General scalar quantizer. It is defined by a list of levels, $v_0, v_1, \ldots, v_{L-1}$, and a list of thresholds, $t_0, t_1, \ldots, t_L$, satisfying $$ -\infty = t_0 < v_0 < t_1 < v_1 < \cdots < t_{L - 1} < v_{L - 1} < t_L = +\infty. $$ Given an input $x \in \mathbb{R}$, the output of the quantizer is given by $y = v_i$ if and only if $t_i \leq x < t_{i+1}$, where $i \in [0:L)$. For more details, see Say06, Ch. 9.

To invoke the quantizer, call the object giving the input signal as parameter (see example below).

Attributes:

  • levels (Array1D[float])

    The quantizer levels $v_0, v_1, \ldots, v_{L-1}$. It should be a list floats of length $L$.

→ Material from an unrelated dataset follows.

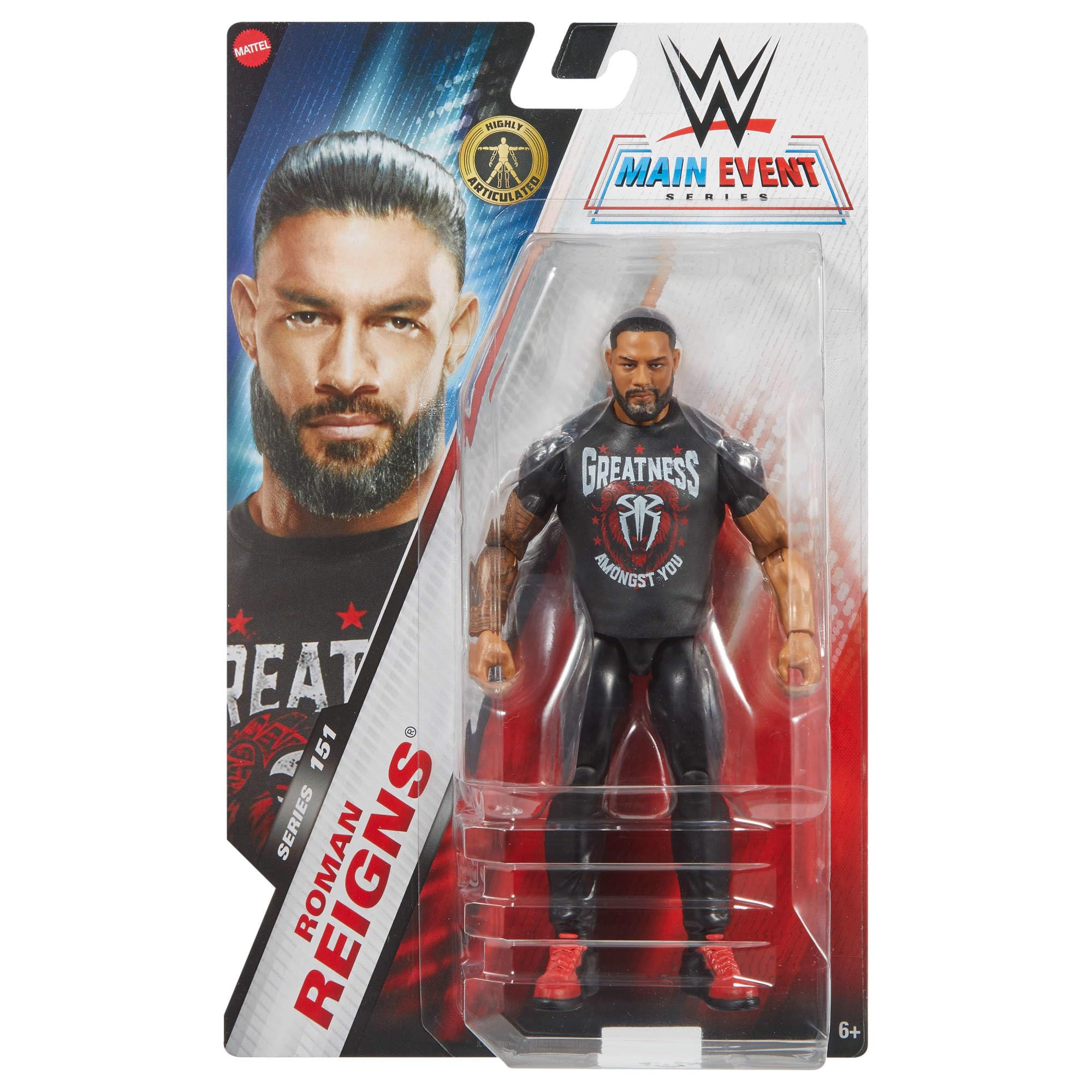 Mattel WWE Roman Reigns Action Figure - 6-inch Main Event Series #151 with 10-Point Articulation 6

  • thresholds (Array1D[float])

    The quantizer finite thresholds $t_1, t_2, \ldots, t_{L-1}$. It should be a list of floats of length $L - 1$.

Examples:

The following example considers the $5$-level scalar quantizer whose characteristic (input × output) curve is depicted in the figure below.

Scalar quantizer example.

The levels are $$ v_0 = -2, ~ v_1 = -1, ~ v_2 = 0, ~ v_3 = 1, ~ v_4 = 2, $$ and the thresholds are $$ t_0 = -\infty, ~ t_1 = -1.5, ~ t_2 = -0.3, ~ t_3 = 0.8, ~ t_4 = 1.4, ~ t_5 = \infty. $$

>>> quantizer = komm.ScalarQuantizer(levels=[-2.0, -1.0, 0.0, 1.0, 2.0], thresholds=[-1.5, -0.3, 0.8, 1.4])
>>> x = np.linspace(-2.5, 2.5, num=11)
>>> y = quantizer(x)
>>> np.vstack([x, y])
array([[-2.5, -2. , -1.5, -1. , -0.5,  0. ,  0.5,  1. ,  1.5,  2. ,  2.5],
       [-2. , -2. , -1. , -1. , -1. ,  0. ,  0. ,  1. ,  2. ,  2. ,  2. ]])

num_levels: int property

The number of quantization levels $L$.